By Kate McCaffery | January 20, 2005 | Last updated on January 20, 2005
4 min read

(January 20, 2005) With so many mutual funds built and sold on the premise that knowing how the underlying companies are run is key, it’s interesting to meet an investment manager who doesn’t interview company executives at all. If past performance is any indication, the computer-driven, numbers-only approach works.

Jim O’Shaughnessy has been playing with spreadsheets since he was a teenager. He’s an affable guy, but it’s the personality of his computer algorithms investors should concern themselves with.

In selecting stocks for RBC’s lineup of O’Shaughnessy funds he sticks to strict company selection criteria that are primarily driven by a process of computer screening.

The newest fund is the RBC O’Shaughnessy International Equity Fund. Although the international fund is a logical extension of the RBC O’Shaughnessy lineup, it took more than seven years to follow up the manager’s entrance into the Canadian mutual fund market. During that time, RBC’s three existing O’Shaughnessy funds earned five star ratings from Morningstar.

“I think the bank wanted to roll our products out in a measured way,” he says. “I think there was a desire to see our stuff working in real time to get a sense of how it behaves in real time.”
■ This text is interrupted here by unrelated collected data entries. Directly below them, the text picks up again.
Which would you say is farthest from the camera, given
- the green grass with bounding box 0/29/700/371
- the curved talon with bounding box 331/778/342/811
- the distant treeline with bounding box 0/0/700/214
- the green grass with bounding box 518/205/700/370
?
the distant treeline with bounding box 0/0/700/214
Canada is in fact a bit of a testing ground for the strategy. Following the fund’s launch here, there are plans in place to launch the strategy as a separately managed account for investors in the United States. “We thought rather than launch them concurrently it would make more sense for us to get them up and running here and make sure that there aren’t any problems with the mechanics of it. Thus far we haven’t experienced any.”
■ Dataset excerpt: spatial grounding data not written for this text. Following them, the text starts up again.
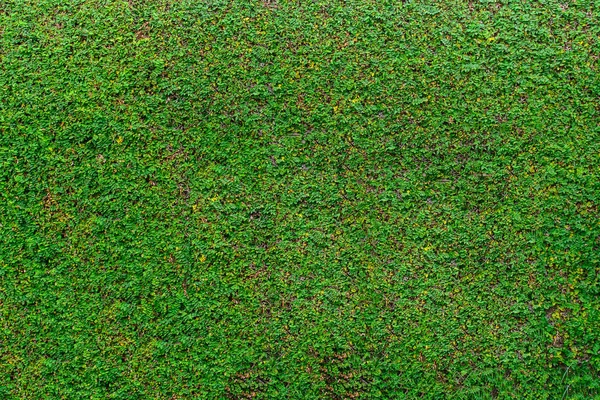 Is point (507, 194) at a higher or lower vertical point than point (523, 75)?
lower

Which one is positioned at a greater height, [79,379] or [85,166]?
[85,166]

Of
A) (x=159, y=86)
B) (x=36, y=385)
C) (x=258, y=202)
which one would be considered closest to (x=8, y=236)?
(x=36, y=385)

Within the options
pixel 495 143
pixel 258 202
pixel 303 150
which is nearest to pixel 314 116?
pixel 303 150

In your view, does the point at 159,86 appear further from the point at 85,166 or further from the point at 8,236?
the point at 8,236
The international equity fund invests in 100 holdings with equal weightings in value and growth stocks. On the value side, computer screens pick companies with market capitalization, sales and cash flow that are above average for companies in that country. From the list of 300 to 400 names generated by the model, O’Shaughnessy selects 50 companies that have top dividend yields.

On the growth side, the computer model targets “cheap stocks on the mend” by focusing on liquidity, capitalization and companies with price to sales ratios less than 1.5%. From the list he picks the 50 names with the best one year price appreciation numbers.

Overall, he says the computer screening process works especially well when applied to stocks in European and Far East Asia because markets there tend to be less efficient and present better opportunities.

In launching the fund now, the bank hopes to convince investors about the benefits of diversification and making use of 30% foreign content allowance. Last week, RBC released a study that found only 5% of RRSP holders have reached their 30% foreign content limits and more than one third have no registered foreign holdings at all.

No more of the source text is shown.